• [YOUR ASSIGNMENT]:
Leave out every picture, and restate word for word only the lines from the one containing "Casa à venda" through the end of the material.

• [MATERIAL PROVIDED]:

___

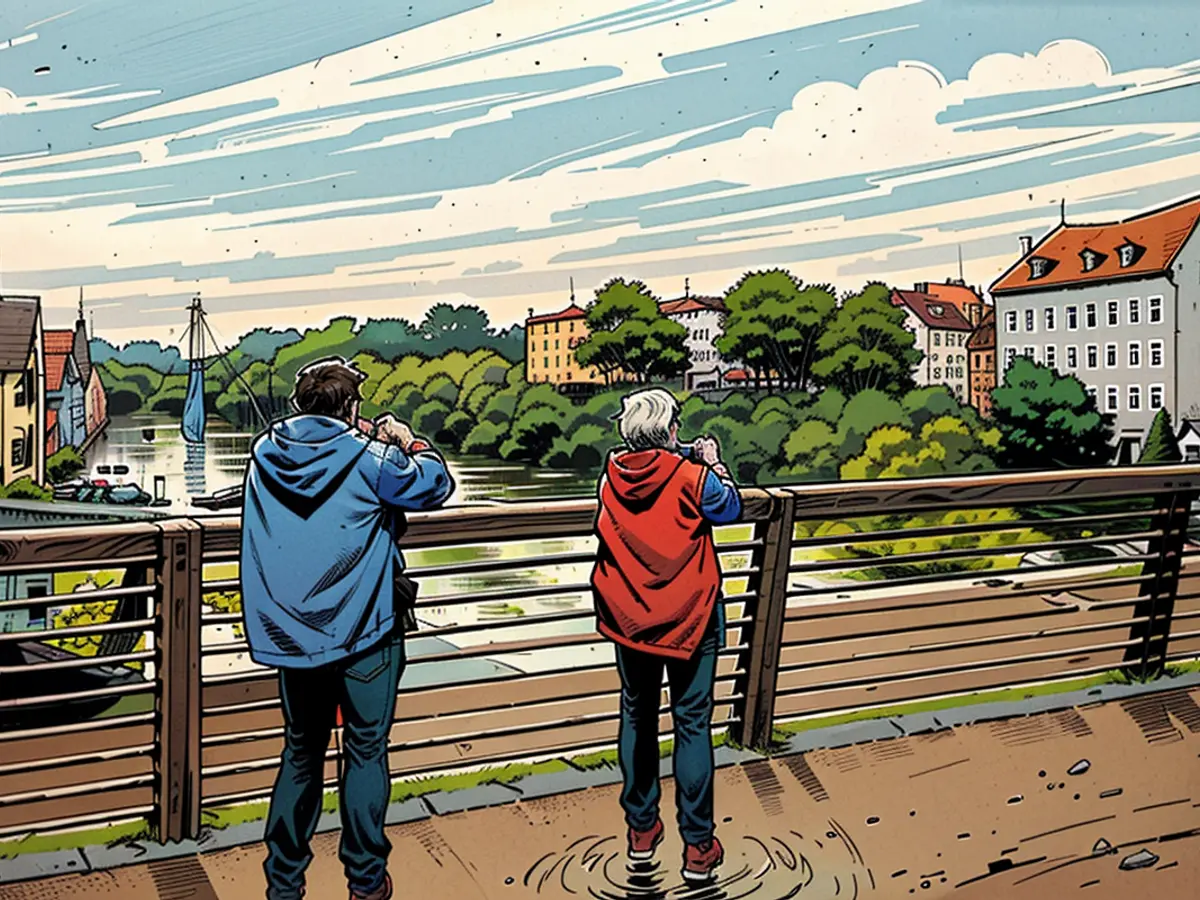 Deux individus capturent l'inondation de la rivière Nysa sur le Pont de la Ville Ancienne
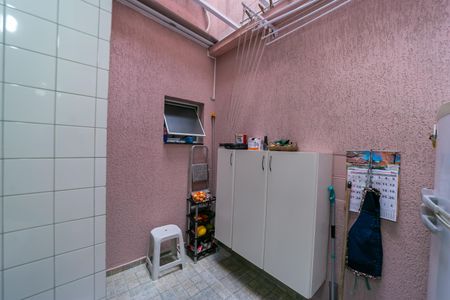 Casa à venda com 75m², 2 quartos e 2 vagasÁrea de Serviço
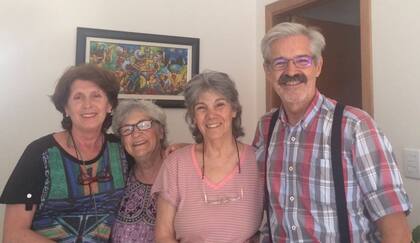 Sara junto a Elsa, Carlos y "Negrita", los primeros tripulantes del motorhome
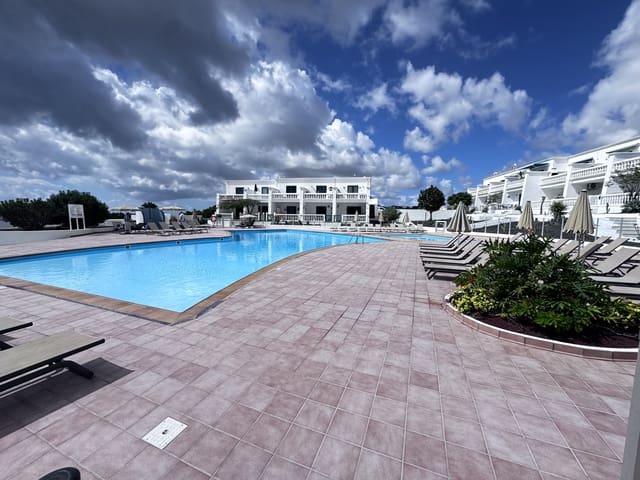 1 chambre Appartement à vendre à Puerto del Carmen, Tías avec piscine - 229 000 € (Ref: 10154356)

___

• [SOLUTION FOR THIS EXERCISE]:
 Casa à venda com 75m², 2 quartos e 2 vagasÁrea de Serviço
 Sara junto a Elsa, Carlos y "Negrita", los primeros tripulantes del motorhome
 1 chambre Appartement à vendre à Puerto del Carmen, Tías avec piscine - 229 000 € (Ref: 10154356)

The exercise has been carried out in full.